* Your task
Copy every line of the data below exactly as given, except for the pictures.

* Data provided
#####

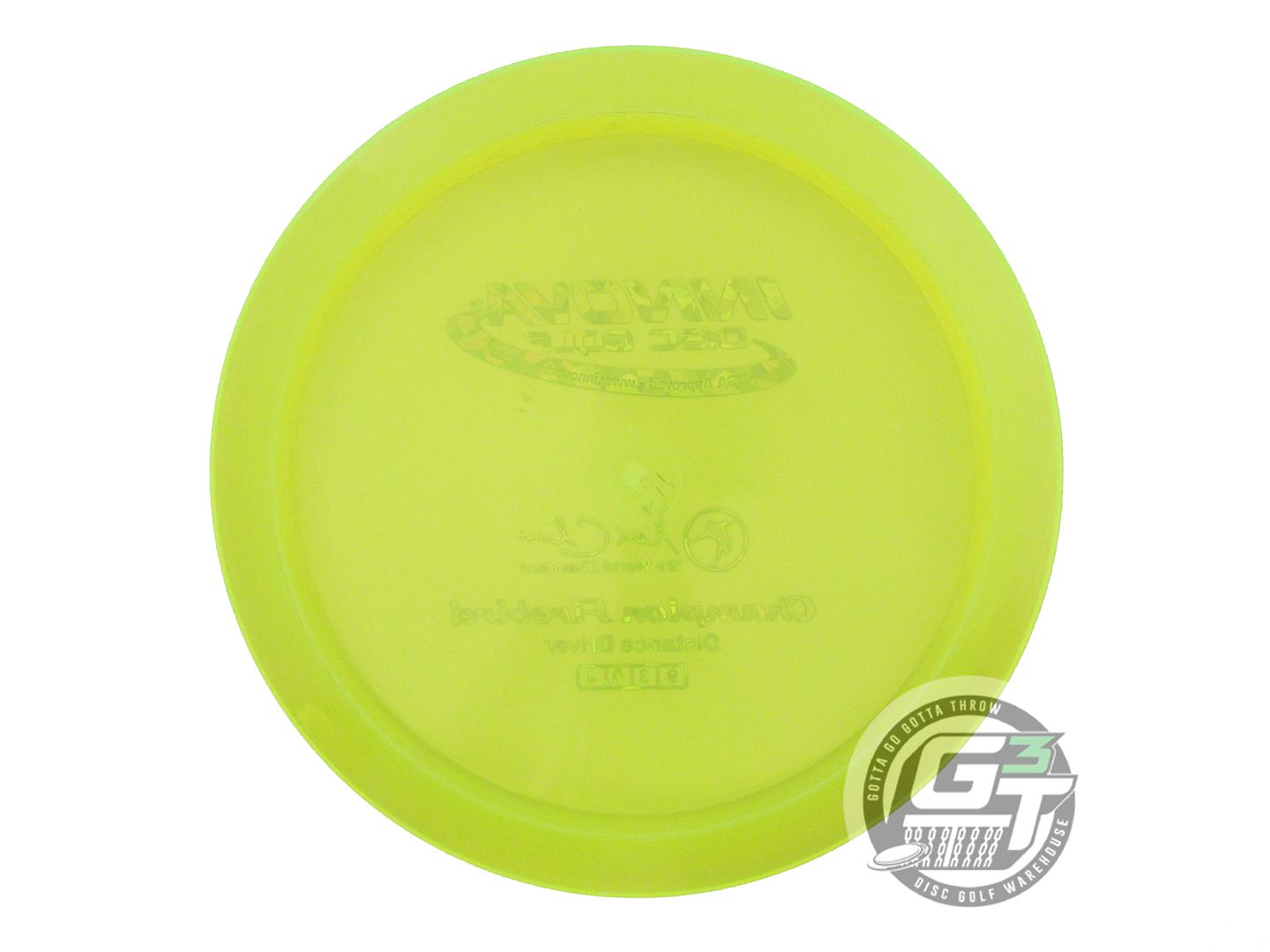 USED Innova Champion Firebird 168g Yellow Teal Shatter Foil Distance Driver Disc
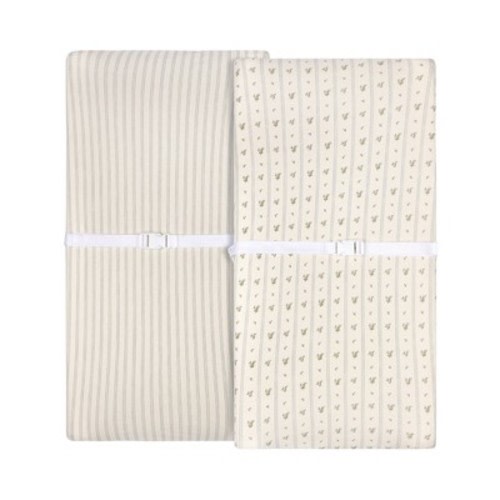 Ely's & Co. Baby Changing Pad Cover - Cradle Sheet 100% Combed Jersey Cotton for Baby Boy 2 Pack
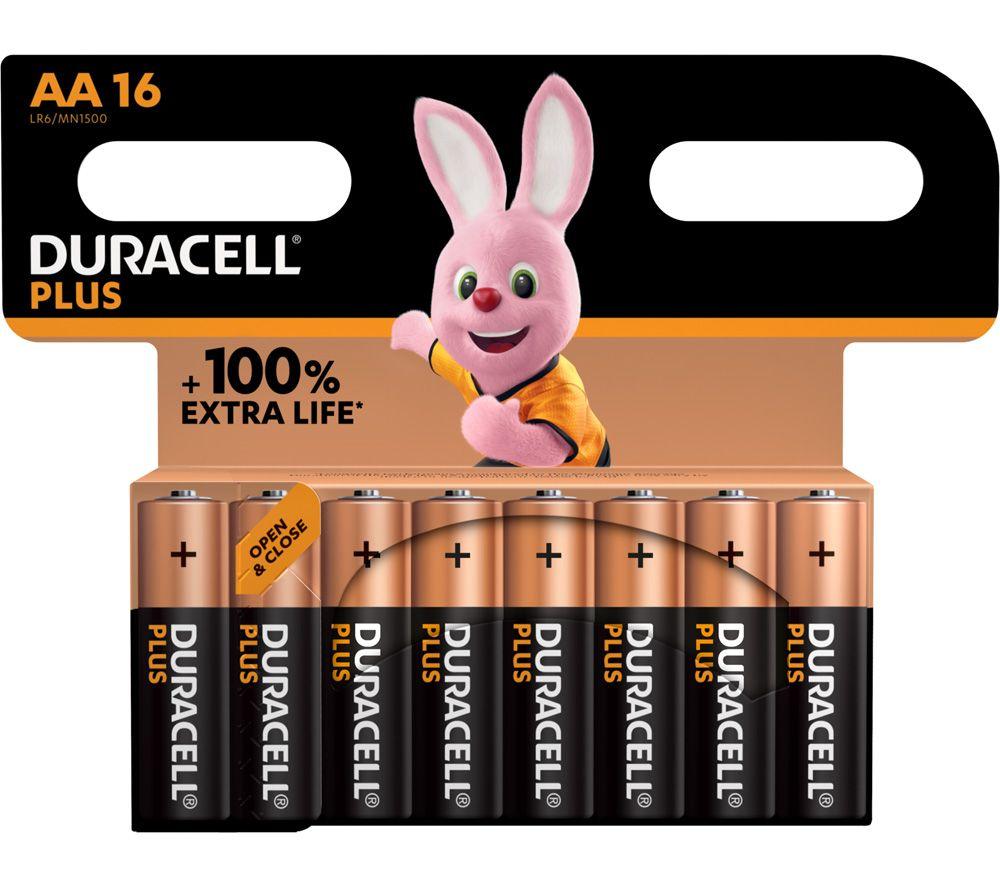  Duracell AA Alkaline Batteries 1.5v (2 Pack) MN1500 (LR6) :  Health & Household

#####

* Completed task
 USED Innova Champion Firebird 168g Yellow Teal Shatter Foil Distance Driver Disc
 Ely's & Co. Baby Changing Pad Cover - Cradle Sheet 100% Combed Jersey Cotton for Baby Boy 2 Pack
  Duracell AA Alkaline Batteries 1.5v (2 Pack) MN1500 (LR6) :  Health & Household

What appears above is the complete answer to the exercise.